── DATA FOR THIS EXERCISE

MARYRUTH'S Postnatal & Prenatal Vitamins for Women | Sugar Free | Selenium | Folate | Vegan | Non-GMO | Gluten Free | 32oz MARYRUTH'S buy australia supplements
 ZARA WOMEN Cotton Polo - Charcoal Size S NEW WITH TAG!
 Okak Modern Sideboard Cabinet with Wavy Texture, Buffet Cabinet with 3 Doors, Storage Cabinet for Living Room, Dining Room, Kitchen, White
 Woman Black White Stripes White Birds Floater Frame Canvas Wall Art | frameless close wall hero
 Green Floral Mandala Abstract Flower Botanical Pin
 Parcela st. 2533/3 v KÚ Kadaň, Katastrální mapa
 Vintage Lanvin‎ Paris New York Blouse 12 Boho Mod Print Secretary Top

────

## TASK DETAILS
What's needed is every entry, returned word for word.

## RESPONSE
MARYRUTH'S Postnatal & Prenatal Vitamins for Women | Sugar Free | Selenium | Folate | Vegan | Non-GMO | Gluten Free | 32oz MARYRUTH'S buy australia supplements
 ZARA WOMEN Cotton Polo - Charcoal Size S NEW WITH TAG!
 Okak Modern Sideboard Cabinet with Wavy Texture, Buffet Cabinet with 3 Doors, Storage Cabinet for Living Room, Dining Room, Kitchen, White
 Woman Black White Stripes White Birds Floater Frame Canvas Wall Art | frameless close wall hero
 Green Floral Mandala Abstract Flower Botanical Pin
 Parcela st. 2533/3 v KÚ Kadaň, Katastrální mapa
 Vintage Lanvin‎ Paris New York Blouse 12 Boho Mod Print Secretary Top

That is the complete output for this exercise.